D'ailleurs, le loyer que le locataire lui paie couvre justement les réparations et les obligations que le propriétaire doit effectuer. L'argent est là pour l'exécution de l'obligation. Le délai de dix jours permet au propriétaire de constater son dépôt et de remédier à ce défaut sans qu'il ait besoin de subir les difficultés du dépôt de loyer. Si le propriétaire n'effectue pas la réparation, le locataire peut déposer son loyer et ce n'est qu'au moment d'une audition devant la régie que le régisseur peut décider si le locataire avait raison de déposer son loyer, parce que le régisseur pourrait constater qu'il n'y a pas inexécution d'une obligation ou il pourrait permettre au locataire de continuer à déposer son loyer jusqu'à ce que le propriétaire ait rempli son obligation.

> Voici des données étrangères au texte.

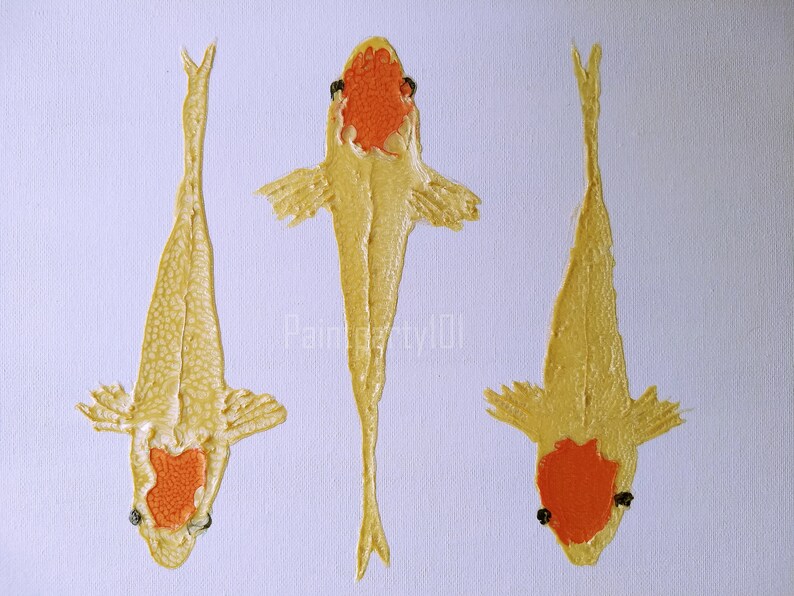 Koi wall art Modern koi painting original koi artwork unique fish art Japanese koi Tancho koi koi wall hanging prism paint art fish decor image 3
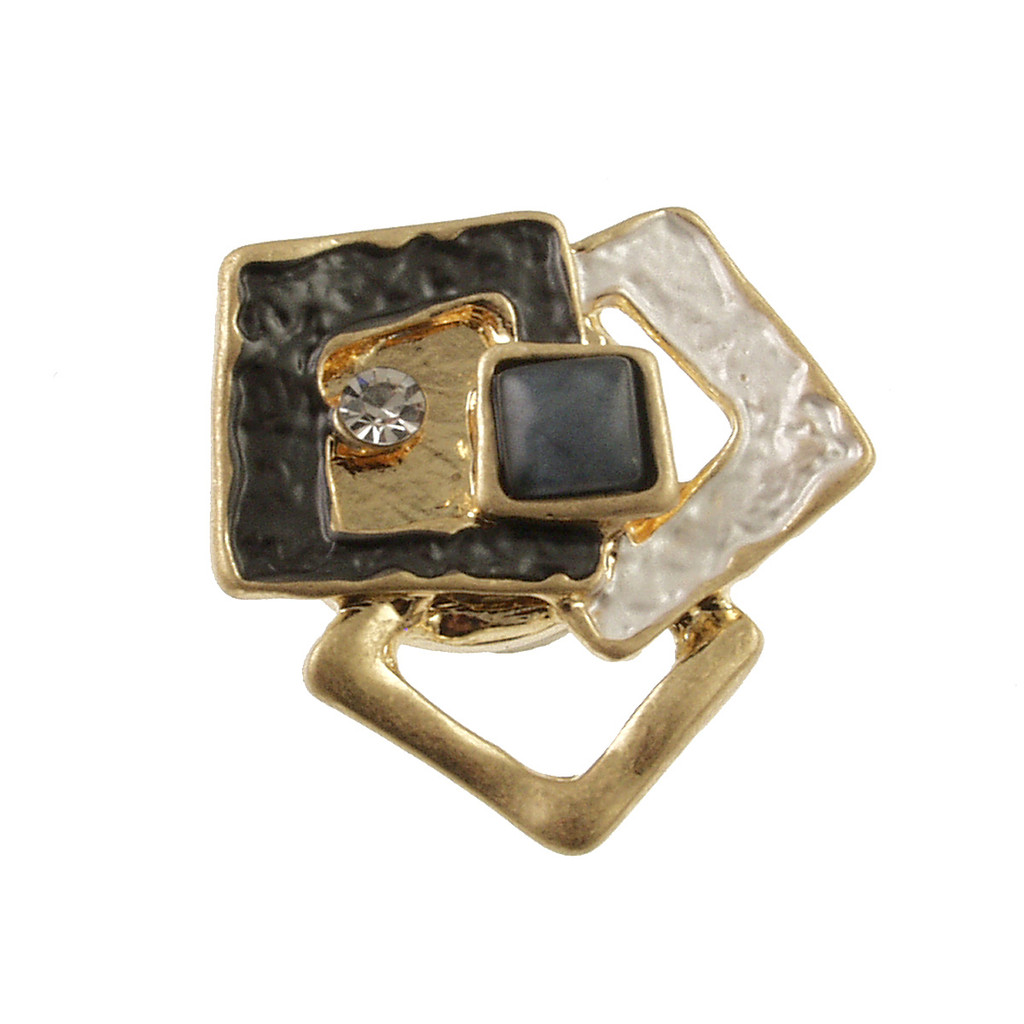 3522-9 - MATTE GOLD/SMALL GEOMETRIC DARK GREY-WHITE TONE BROOCH 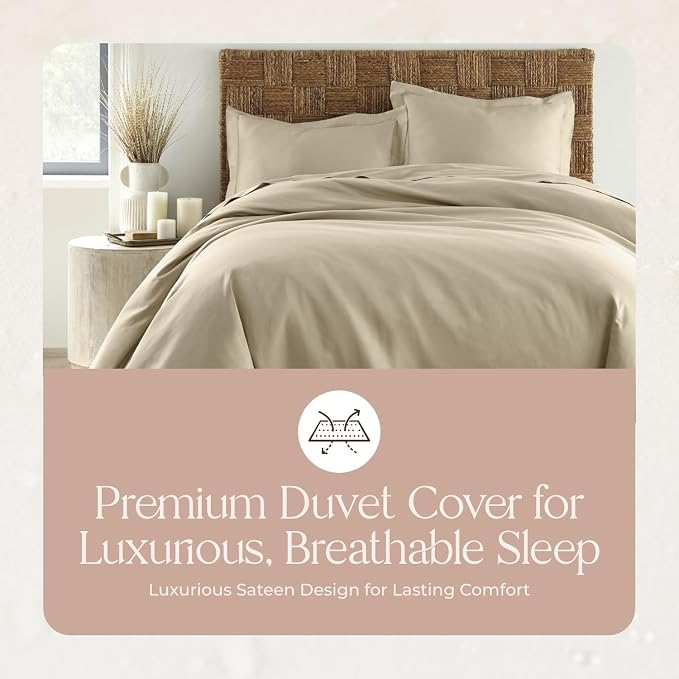 100% Organic Cotton Duvet Cover Queen Size - Naturally Soft Lightweight & Cooling Duvet Cover Set with Decorative Shams - Premium GOTS Certified 300 Thread Count Sateen Weave (Dune, Queen)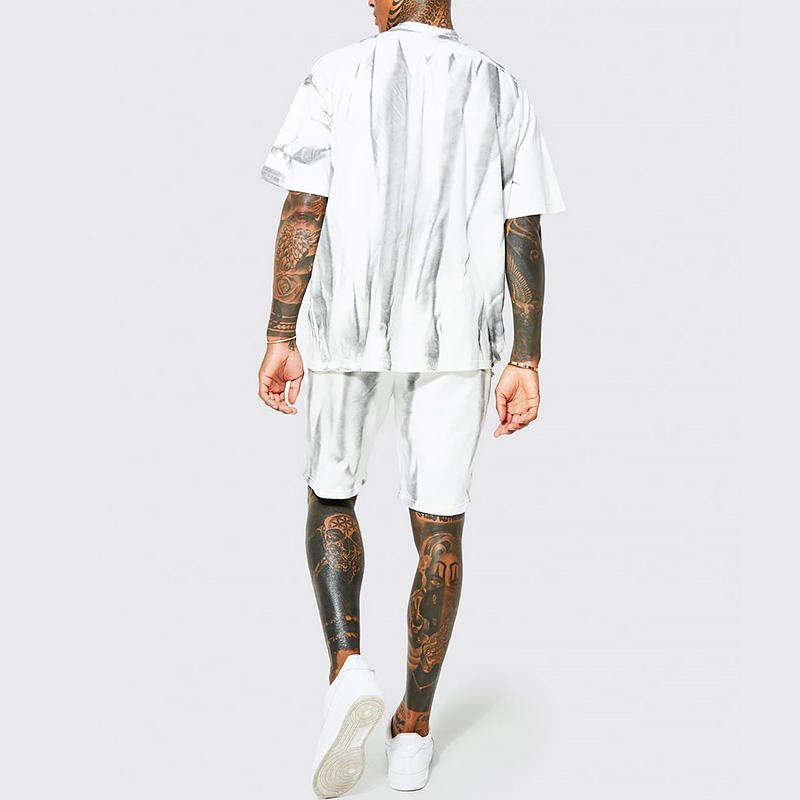casual streetwear tie dye printing hip hop jogging suit high quality sweat suits mens short jogger sets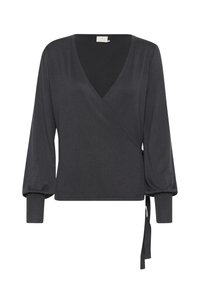Dark grey wrap top made of soft fabric, featuring a V-neck, long puff sleeves, and ribbed cuffs with a side tie detail.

Finalement, dans le projet de loi 107, on mentionne la possibilité d'ordonner la remise du dépôt au locataire pour lui permettre d'exécuter lui-même l'obligation, ce qui revient un peu à l'article 1612 que vous n'avez pas.

Cependant, je suggère certaines modifications à cet article. C'est à l'article 1654.1 où on dit: "Le tribunal peut alors, notamment, ordonner la remise du dépôt au locateur s'il n'y a pas eu d'inexécution d'une obligation du locateur." Tout cela est simplement pour que ce soit clair que si l'inexécution en est une petite, on pourrait dire: Ce n'est pas bien grave, pourquoi le propriétaire ne pourrait-il pas avoir son loyer? Je pense que tant qu'il y a inexécution, le droit du dépôt devrait exister. D'ailleurs, il n'y a pas si longtemps, on voyait des propriétaires faire des saisies parce que le locataire avait retenu $10 sur son loyer pour effectuer une réparation que le propriétaire refusait de faire. Je pense que l'association qui a parlé avant moi a donné l'exemple d'un locataire qui, payant $300 de loyer, n'avait pas une serrure qui fonctionnait et a retenu $14 de son loyer parce qu'il a dû effectuer la réparation lui-même; il a subi une saisie, ce qui l'a évidemment forcé à engager un avocat et payer les frais de cour parce qu'en effet, cette personne n'avait pas le droit de retenir ces $14 pour réparer sa serrure.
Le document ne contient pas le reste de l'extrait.